J’eus la curiosité de regarder ma montre. Il était quatre heures moins vingt-cinq. L’attaque avait duré plus d’une heure et demie…
Comme on le remarque, l’attaque démoniaque se distingue nettement de la tentation. Dans la première, le Mauvais s’applique à nous présenter, de la façon la plus imprévue, des images et des pensées n’ayant aucun rapport avec nos habitudes d’esprit. Car quel est le croyant qui serait capable d’outrager, avec réflexion, le Saint Sacrement ou la Sainte Vierge ? Dans la seconde, au contraire, la partie inférieure de notre âme entre en jeu. Le diable veut nous induire à pécher et, pour arriver à ses fins, il dirige son effort sur nos faiblesses et sur les plus invétérés de nos défauts. Ne fût-ce que pour lui résister nous employons de la volonté et donc nous portons notre attention sur le point menacé. Tentés, nous délibérons. Attaqués, nous subissons.
Il semble aussi que l’attaque démoniaque soit, dans l’ordre surnaturel, la contre-partie des grâces extraordinaires dont Dieu favorise parfois, à l’improviste, les âmes qu’il a le dessein de perfectionner. De même que le fidèle, comblé de ces grâces, en est investi d’une façon toute gratuite, de même c’est aux moments où il est le plus éloigné de méfaire que le Diable se divertit à l’effrayer par des impulsions dégoûtantes.
Si attristantes, si déconcertantes qu’elles soient, on peut tirer quelque consolation de ces horreurs, puisqu’elles démontrent à quel point le Mauvais se trouve désappointé lorsque nous échappons à ses embûches. Il est alors pareil à un vermineux et rancunier trimardeur qui, chassé du logis où il espérait faire prospérer sa crasse, se venge en souillant le seuil de ses ordures et en crachant au nez du propriétaire.
La conduite à tenir dans ce cas est indiquée, sous une forme charmante, dans une lettre de saint François de Sales à sainte Chantal qui se plaignait d’attaques démoniaques : « C’est bon signe, écrit-il, que le diable fasse tant de bruit et de tempête autour de la volonté ; c’est signe qu’il n’est pas dedans… Laissez courir ce vent et ne prenez pas le fifrelis des feuilles pour le cliquetis des armes. »
— Et puis, ajoutait celui qui eut à supporter l’attaque nocturne, relatée ci-dessus, on doit se trouver heureux d’être éprouvé de la sorte, car c’est encore un moyen de se conformer aux souffrances de Notre-Seigneur. Lorsqu’au jardin des Oliviers, il voulut ressentir, selon son humanité, toutes les douleurs que lui infligent nos péchés, le diable, j’imagine, aggrava son agonie par des représentations cent fois plus ignobles encore que les sales images dont il nous afflige quelquefois. Si la plus innocente des victimes a été traitée ainsi, nous, coupables, de quoi aurions-nous le droit de nous plaindre ? Ah ! plutôt, réjouissons-nous et confions-nous dans cette parole de l’Apôtre : « Nous ne sommes les cohéritiers du Sauveur qu’autant que nous souffrons avec lui[5] ! »

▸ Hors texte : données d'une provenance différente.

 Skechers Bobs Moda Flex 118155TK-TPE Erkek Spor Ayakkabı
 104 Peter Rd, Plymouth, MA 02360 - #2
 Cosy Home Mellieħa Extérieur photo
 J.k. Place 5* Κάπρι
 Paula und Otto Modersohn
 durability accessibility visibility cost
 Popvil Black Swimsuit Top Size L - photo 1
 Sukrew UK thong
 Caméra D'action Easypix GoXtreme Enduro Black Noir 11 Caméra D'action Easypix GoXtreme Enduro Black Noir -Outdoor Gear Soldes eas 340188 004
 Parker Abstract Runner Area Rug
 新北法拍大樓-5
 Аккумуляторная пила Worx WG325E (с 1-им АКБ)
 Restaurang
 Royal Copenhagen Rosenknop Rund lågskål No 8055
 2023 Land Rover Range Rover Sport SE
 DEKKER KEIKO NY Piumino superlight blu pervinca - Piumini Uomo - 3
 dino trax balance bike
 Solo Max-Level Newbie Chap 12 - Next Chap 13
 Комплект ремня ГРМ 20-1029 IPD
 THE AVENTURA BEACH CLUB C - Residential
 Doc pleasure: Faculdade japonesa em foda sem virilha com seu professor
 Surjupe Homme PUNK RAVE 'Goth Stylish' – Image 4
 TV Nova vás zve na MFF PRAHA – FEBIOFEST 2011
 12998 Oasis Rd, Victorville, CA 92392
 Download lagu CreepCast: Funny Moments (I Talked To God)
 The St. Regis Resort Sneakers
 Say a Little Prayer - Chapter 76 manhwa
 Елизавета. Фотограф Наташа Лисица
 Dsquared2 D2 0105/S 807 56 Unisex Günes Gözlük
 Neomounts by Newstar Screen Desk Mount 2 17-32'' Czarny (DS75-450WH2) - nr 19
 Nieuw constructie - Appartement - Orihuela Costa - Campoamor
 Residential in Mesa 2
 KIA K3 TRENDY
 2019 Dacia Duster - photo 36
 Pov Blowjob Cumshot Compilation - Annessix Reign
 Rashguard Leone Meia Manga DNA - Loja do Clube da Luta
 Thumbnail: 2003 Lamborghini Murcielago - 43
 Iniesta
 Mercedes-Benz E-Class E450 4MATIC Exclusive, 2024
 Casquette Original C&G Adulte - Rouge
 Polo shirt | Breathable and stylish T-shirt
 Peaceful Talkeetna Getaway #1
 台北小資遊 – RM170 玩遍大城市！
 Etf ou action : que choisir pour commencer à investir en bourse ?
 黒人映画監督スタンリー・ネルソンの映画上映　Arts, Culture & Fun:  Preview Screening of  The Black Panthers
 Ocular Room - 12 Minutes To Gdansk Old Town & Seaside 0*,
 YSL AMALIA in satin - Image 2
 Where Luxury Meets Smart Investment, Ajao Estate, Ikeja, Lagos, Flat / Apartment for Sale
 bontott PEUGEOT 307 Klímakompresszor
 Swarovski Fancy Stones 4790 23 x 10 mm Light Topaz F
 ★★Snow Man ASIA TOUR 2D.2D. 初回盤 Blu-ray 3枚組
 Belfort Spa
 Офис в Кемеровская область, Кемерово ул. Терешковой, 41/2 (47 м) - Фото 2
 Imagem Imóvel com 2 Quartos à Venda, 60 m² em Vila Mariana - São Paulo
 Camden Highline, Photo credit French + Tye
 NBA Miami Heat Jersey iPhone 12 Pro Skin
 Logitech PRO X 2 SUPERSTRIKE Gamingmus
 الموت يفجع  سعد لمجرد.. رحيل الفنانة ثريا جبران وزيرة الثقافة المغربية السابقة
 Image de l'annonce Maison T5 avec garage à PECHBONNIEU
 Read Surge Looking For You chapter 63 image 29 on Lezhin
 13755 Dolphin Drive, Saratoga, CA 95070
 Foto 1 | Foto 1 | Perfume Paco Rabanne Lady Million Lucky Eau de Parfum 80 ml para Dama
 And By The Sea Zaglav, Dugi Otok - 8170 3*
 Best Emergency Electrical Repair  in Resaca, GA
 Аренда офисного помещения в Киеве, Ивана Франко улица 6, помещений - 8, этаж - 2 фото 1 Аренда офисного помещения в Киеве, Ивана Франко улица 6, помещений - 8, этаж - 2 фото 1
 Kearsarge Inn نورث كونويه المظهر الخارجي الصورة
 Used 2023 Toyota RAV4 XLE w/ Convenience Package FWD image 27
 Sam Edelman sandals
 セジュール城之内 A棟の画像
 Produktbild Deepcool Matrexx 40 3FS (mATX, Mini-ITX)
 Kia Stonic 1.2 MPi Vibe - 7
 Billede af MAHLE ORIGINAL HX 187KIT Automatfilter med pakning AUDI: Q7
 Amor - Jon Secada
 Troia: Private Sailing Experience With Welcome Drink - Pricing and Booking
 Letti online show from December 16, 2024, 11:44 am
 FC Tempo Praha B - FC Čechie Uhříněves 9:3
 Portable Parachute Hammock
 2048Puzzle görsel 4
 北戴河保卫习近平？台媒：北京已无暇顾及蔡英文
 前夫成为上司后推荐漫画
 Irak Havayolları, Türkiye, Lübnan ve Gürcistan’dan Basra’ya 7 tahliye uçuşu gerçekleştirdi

[5] Saint Paul, Ép. aux Romains, VII, 17.
V
L’ARIDITÉ
Il est, dans la vie intérieure, des périodes où l’âme se sent tout heureuse. L’oraison, la méditation, l’assistance aux offices, les sacrements la pénètrent de félicité. La Grâce la soulève et l’emporte dans des espaces de lumière. Nul acte ne lui coûte qui la rapproche de Dieu. Ailée, souple, agile, elle vole éperdument vers les sommets, comme une alouette qu’enivre le renouveau.
Avec quelle ampleur on savoure alors la joie de ne plus toucher terre et de reconnaître en soi, autour de soi, la présence divine. Les bruits du monde ne vous parviennent plus que comme de sourdes rumeurs qui s’étouffent dans du brouillard. C’est en vain que les hommes se démènent pour le régal de leurs passions, ils apparaissent semblables à des ombres confuses esquissant de vagues gestes sur un paravent grisâtre. Le spectacle et la fête sont autre part : au seuil du cœur inondé d’amour de Jésus-Christ. Et l’âme qui sait qu’elle tombera bientôt dans ce foyer, comme une comète dans le soleil, s’épanouit d’allégresse radieuse au seul pressentiment de sa transfiguration auprès de l’adorable Essence.